FIG. 5 illustrates the deposition of a dielectric layer, followed by a layer of ITO, for filling the emitter cavities and providing a separation layer for the focus electrode.
FIG. 6 illustrates a key feature of the invention which is the back side exposure of photoresist which has been coated on top side of the structure.
FIGS. 7 and 8 show how the emitter cavities are re-formed by etching at the same time that the focus electrodes are formed.
FIG. 9 shows the final structure including the presence of microtips in the emitter cavities.
We begin our description of the process of the present invention by referring to FIG. 2. Shown there is transparent substrate 20, with `transparent` referring to the transmission of radiation that is suitable for exposing photoresist, in particular positive photoresist. Typical materials for the substrate would be glass or silica.
A layer 25 of indium-tin oxide (ITO) or similar transparent conducting material such as indium, tin, zinc, or cadmium oxide, indium zinc oxide, or cadmium stannate is deposited over the entire surface to a thickness of between about 0.1 and 0.4 microns. For ITO, layer 25 has a sheet resistance of between about 5 and 20 ohms per square. To reduce this to some extent a layer of amorphous silicon 21 is then deposited over layer 25 but is removed from selected areas where it will later be necessary to transmit radiation used for exposing photoresist. Amorphous silicon layer 21 is between about 0.1 and 0.5 microns thick so that, where combined with ITO layer 25, the sheet resistance was between about 100 k and 100M ohms per square.

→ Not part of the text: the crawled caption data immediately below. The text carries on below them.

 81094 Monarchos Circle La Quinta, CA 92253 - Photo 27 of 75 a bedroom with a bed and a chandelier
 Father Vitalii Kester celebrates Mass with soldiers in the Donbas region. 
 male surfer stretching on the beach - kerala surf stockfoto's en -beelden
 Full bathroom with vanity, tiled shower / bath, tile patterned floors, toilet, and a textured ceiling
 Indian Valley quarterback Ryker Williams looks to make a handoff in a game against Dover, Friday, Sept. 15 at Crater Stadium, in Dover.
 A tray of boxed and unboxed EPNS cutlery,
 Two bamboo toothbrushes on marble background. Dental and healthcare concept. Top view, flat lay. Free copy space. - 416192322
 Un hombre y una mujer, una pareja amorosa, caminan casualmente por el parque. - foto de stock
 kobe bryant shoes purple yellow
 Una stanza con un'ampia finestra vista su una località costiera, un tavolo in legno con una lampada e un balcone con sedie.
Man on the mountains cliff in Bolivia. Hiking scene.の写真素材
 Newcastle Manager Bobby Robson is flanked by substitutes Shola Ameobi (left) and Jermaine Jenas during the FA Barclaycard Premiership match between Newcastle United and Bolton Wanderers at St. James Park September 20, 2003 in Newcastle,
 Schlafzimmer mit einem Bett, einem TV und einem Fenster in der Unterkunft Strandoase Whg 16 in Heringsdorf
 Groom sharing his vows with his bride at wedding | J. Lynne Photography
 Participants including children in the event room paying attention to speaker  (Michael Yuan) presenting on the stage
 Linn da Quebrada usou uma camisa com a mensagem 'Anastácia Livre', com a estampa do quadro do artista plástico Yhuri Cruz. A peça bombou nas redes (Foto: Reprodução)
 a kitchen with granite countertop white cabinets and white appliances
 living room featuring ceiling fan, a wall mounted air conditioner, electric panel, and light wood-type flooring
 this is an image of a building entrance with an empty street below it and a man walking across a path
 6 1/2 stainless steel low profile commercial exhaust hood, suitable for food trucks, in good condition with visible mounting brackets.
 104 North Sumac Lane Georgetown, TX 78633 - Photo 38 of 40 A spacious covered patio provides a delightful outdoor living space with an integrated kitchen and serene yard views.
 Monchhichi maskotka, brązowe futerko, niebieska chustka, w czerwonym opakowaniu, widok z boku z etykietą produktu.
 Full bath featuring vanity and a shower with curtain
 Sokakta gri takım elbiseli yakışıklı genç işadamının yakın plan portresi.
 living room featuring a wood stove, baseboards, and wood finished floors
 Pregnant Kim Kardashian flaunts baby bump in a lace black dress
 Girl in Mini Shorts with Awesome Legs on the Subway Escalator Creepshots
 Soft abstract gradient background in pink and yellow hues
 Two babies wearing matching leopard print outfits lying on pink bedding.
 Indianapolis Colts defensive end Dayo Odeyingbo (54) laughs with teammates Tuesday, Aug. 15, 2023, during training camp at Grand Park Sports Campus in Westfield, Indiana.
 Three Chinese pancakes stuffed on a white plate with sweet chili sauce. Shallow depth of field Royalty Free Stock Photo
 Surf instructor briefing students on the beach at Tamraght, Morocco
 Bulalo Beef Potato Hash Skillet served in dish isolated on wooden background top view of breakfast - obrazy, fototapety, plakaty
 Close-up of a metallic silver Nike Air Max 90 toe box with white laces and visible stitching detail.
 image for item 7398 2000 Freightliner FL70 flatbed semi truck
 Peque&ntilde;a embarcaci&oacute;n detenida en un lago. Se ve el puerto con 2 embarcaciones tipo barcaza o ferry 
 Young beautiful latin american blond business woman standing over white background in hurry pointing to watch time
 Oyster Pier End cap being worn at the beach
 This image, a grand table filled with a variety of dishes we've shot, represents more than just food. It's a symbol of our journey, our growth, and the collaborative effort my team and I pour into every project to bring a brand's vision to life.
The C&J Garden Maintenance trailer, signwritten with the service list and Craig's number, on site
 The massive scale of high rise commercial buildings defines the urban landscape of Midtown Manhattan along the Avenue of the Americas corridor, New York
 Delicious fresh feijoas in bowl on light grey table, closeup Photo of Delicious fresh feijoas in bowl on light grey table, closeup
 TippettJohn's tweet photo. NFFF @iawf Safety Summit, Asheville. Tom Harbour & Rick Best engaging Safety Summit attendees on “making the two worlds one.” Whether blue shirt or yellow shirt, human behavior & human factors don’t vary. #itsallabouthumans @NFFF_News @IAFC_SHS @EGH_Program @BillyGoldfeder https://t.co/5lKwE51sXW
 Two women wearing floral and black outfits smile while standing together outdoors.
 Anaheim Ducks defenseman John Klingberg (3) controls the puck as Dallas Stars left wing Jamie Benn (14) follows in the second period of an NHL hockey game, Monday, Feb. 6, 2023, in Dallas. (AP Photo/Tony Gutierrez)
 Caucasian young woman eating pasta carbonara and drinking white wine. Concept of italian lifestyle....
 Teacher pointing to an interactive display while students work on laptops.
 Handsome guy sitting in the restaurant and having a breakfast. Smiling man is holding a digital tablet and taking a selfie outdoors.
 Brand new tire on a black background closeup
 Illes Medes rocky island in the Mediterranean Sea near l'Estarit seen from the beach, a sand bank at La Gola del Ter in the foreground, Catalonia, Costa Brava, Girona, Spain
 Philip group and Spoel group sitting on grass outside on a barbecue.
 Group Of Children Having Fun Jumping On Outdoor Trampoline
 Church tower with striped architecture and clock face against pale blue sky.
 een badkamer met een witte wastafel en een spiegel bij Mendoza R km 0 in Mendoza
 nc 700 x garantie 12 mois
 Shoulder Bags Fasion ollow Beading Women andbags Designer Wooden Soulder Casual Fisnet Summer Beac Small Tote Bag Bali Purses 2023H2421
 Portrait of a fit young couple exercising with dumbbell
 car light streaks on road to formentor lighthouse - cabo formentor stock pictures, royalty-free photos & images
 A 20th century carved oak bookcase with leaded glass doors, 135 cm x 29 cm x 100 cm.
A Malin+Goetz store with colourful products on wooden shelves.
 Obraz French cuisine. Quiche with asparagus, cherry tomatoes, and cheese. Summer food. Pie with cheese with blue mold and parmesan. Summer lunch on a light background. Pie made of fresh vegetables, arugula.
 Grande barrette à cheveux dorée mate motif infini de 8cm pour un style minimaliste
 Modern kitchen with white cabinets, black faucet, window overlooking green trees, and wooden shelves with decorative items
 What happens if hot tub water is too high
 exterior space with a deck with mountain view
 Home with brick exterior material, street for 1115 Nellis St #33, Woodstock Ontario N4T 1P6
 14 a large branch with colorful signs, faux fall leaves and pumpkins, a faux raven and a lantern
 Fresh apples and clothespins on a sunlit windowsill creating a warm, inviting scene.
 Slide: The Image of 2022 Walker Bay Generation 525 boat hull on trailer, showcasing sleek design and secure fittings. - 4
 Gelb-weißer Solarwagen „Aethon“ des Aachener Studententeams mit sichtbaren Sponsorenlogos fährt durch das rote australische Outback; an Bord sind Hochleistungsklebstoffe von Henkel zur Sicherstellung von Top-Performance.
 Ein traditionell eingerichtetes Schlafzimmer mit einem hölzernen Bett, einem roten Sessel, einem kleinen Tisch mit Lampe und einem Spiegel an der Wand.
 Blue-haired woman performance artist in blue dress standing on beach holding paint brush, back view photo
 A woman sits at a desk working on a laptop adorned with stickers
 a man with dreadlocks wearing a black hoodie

In the course of patterning and etching the amorphous silicon, both it and ITO 25 were formed into a series of parallel cathode columns running across the full length of the substrate. This was followed by the deposition of transparent dielectric layer 22 to a thickness of between about 0.5 and 2 microns. As before, `transparent` refers to the transmission of radiation suitable for exposing photoresist. Our preferred material for layer 22 has been silicon oxide.
The next step was to deposit conductive layer 23, between about 0.1 and 0.6 microns thick, onto the surface of dielectric layer 22. Layer 23 is required to be opaque to radiation that could expose photoresist. Our preferred material for layer 23 has been MoW (molybdenum tungstide) but other materials such as molybdenum or niobium could also have been used.
Referring now to FIG. 3, layer 23 was then coated with photoresist which was then exposed through a suitable imaging system and developed to produce resist mask 30 which defined the pattern of the gate lines, including openings 88 which defined the future positions of the emitter cavities so that, after plasma etching for between about 0.5 and 2 minutes at a temperature between about 25 and 50° C., a series of gate lines 423 were formed, said gate lines being orthogonally disposed relative to the cathode columns. The selected areas mentioned earlier (those limited to ITO) were located at the intersections of the gate and cathode lines, including the emitter cavity openings 8, as illustrated in FIG. 4. Layer 422 is layer 22 after the etching has taken place.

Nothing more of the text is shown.